Cinta adalah alasanku untuk pulang. Ke hatimu.
—@noffret
—@noffret
Di pagi pertama bulan Februari saya terbangun di sebuah hotel, yang jauhnya bermil-mil dari rumah. Begitu mata terbuka, saya meraih ponsel, dan mendapati pukul 03:50 pagi. Saya bangkit, menuju kamar mandi untuk cuci muka dan bercukur, lalu membuat kopi. Itu hari ke-14 saya di hotel tersebut—setengah bulan sebelumnya saya harus pergi meninggalkan rumah untuk suatu urusan kerja.
Pekerjaan kadang membuatmu pergi ke tempat jauh yang tidak kauinginkan, begitu pula saya. Setengah bulan yang lalu saya masih menjalani kehidupan yang nyaman sebagai orang rumahan. Sampai kemudian sebuah telepon datang, dan saya harus meninggalkan rumah, menempuh perjalanan berjam-jam, melintasi darat dan lautan. Sekarang saya terdampar di hotel ini, duduk di atas tempat tidur, menunggu air mendidih untuk membuat kopi.
Saya menyobek sachet kopi, memasukkannya ke mug bersama gula, dan menuangkan air panas ke dalamnya. Setelah itu membuka pintu samping kamar yang berhadapan dengan kolam renang, lalu duduk di atas kursi depan kamar sambil mulai menghirup kopi yang masih mengepulkan asap. Saya menyulut rokok, dan mengisapnya dengan nikmat. Kolam renang terlihat sepi, karena para tamu hotel mungkin masih terlelap tidur. Atau sedang sibuk dengan pasangannya.

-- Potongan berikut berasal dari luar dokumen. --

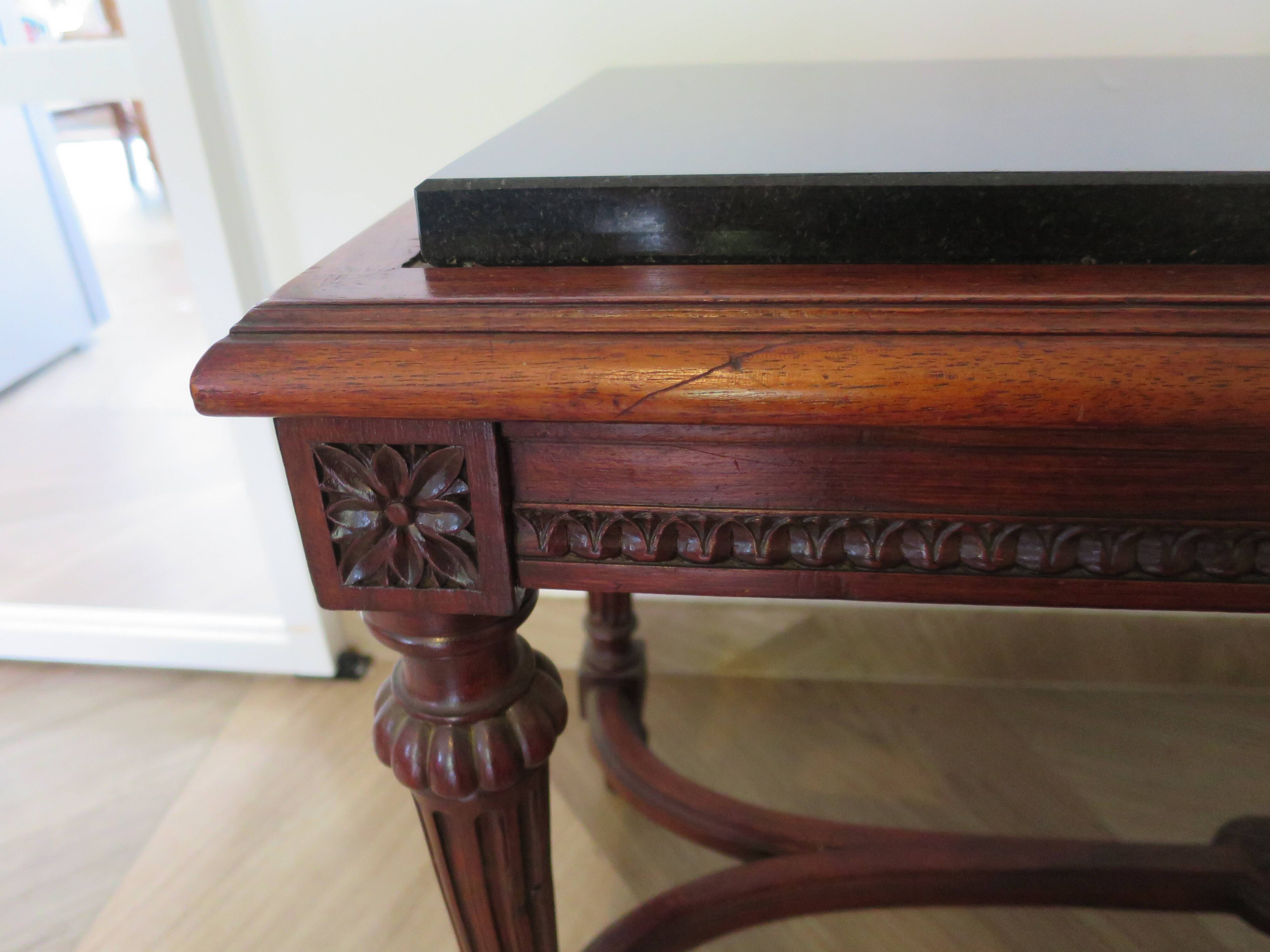 Coffee table - black marble top - Louis XIII style - H-shaped crossbar base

Selalu menyenangkan menikmati saat-saat seperti itu. Sendirian, duduk santai di tempat yang hening, dan merokok. Hanya bersama kopi. Dan sedikit pikiran di kepala.
Ketika sedang menikmati kesendirian yang nyaman itulah, sesosok bayangan muncul dari balik lampu temaram taman. Karena mata saya agak minus, saya harus memfokuskan pandangan untuk mengenali bayangan itu. Ternyata seorang wanita, salah satu tamu hotel, yang beberapa kali bertemu dengan saya sewaktu di front desk. Usianya mungkin 60 tahunan, tapi tampak masih segar, dan berwajah ramah. Berdasarkan percakapan sekilas beberapa hari sebelumnya, saya tahu dia datang dari Prancis.
Wanita itu agak terkejut melihat saya sedang duduk sendirian di depan kamar. Tapi kemudian segera tersenyum ramah dan menyapa, “Tidak bisa tidur, eh?”
Saya membalas senyumnya. “Sebenarnya, saya baru saja bangun.”
“Selalu menyenangkan bangun pagi,” sahutnya, masih dengan senyum ramah. “Saya biasa jalan-jalan setiap pagi begini. Udaranya masih bersih.”
Ucapan itu agak membuat saya salah tingkah, karena sedang memegangi rokok. Tapi rupanya dia wanita yang sensitif, dan dia buru-buru berkata sambil menatap ke arah rokok di tangan saya, “Pas de problème, nikmati rokokmu.”
Setelah itu dia berdiri tak jauh di hadapan saya, sambil menatap kolam yang masih lengang. “Tidak ingin berenang?” ujarnya.
“Mandi sepagi ini adalah hal terakhir yang saya inginkan, Ma’am.”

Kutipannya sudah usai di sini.